:: Data for the task ::

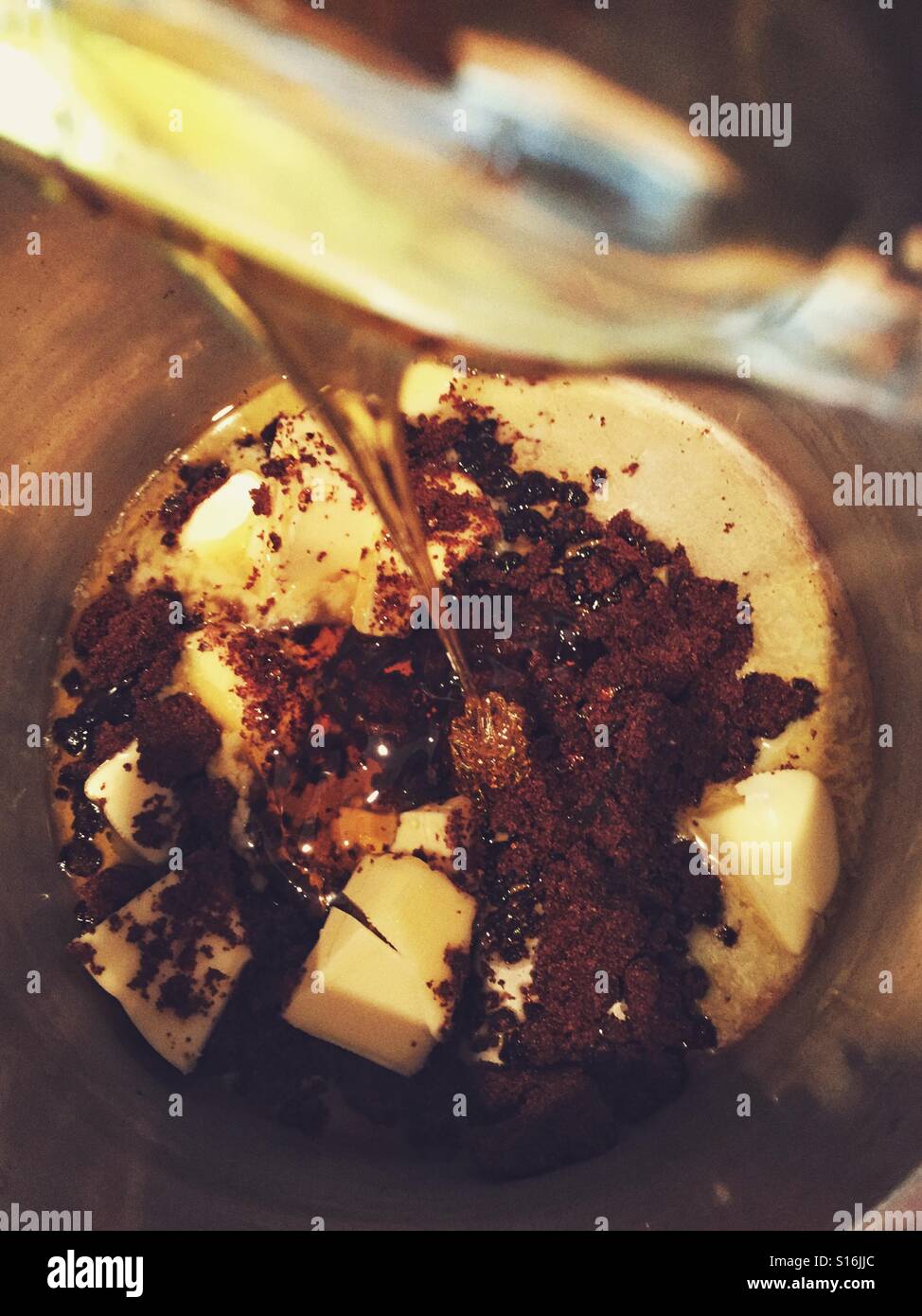 Pouring golden syrup into pan to make flapjacks - Smartphone Captured Stock Image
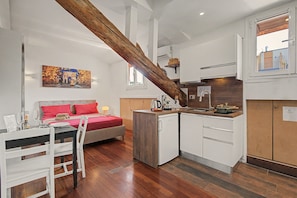 A compact hotel room with a bed, a small kitchenette, a dining area, and a wooden ceiling beam. - Apartment 'Piranesi 45' with Wi-Fi and Air Conditioning (Milano)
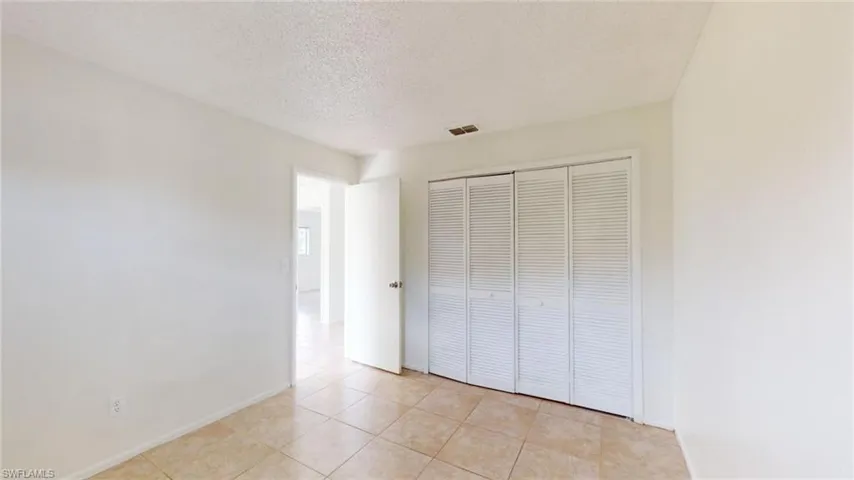 Unfurnished bedroom featuring light tile patterned flooring, a closet, and a textured ceiling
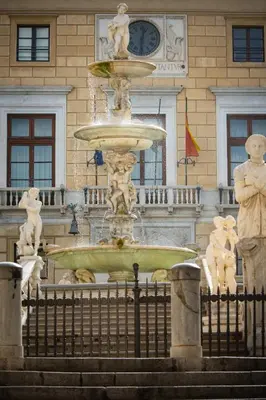a fountain in front of a building with a clock at San Saverio Home in Palermo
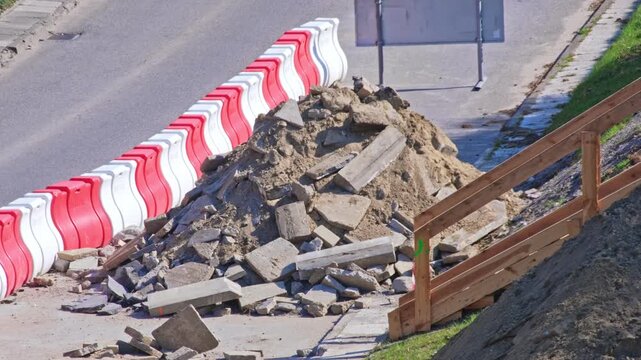 Roadworks Site with Pile of Concrete and Asphalt Rubble on Street Lane Secured with Plastic Safety Barrier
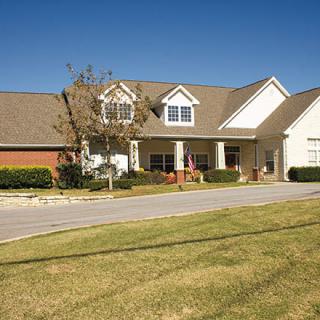A suburban house with a large front lawn and a clear blue sky.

:::

- [Problem details] Exactly the lines from the one that contains "Roadworks Site with" through the last line of the records should be set down, and the pictures should be dropped.

- [Answer to the problem]
 Roadworks Site with Pile of Concrete and Asphalt Rubble on Street Lane Secured with Plastic Safety Barrier
A suburban house with a large front lawn and a clear blue sky.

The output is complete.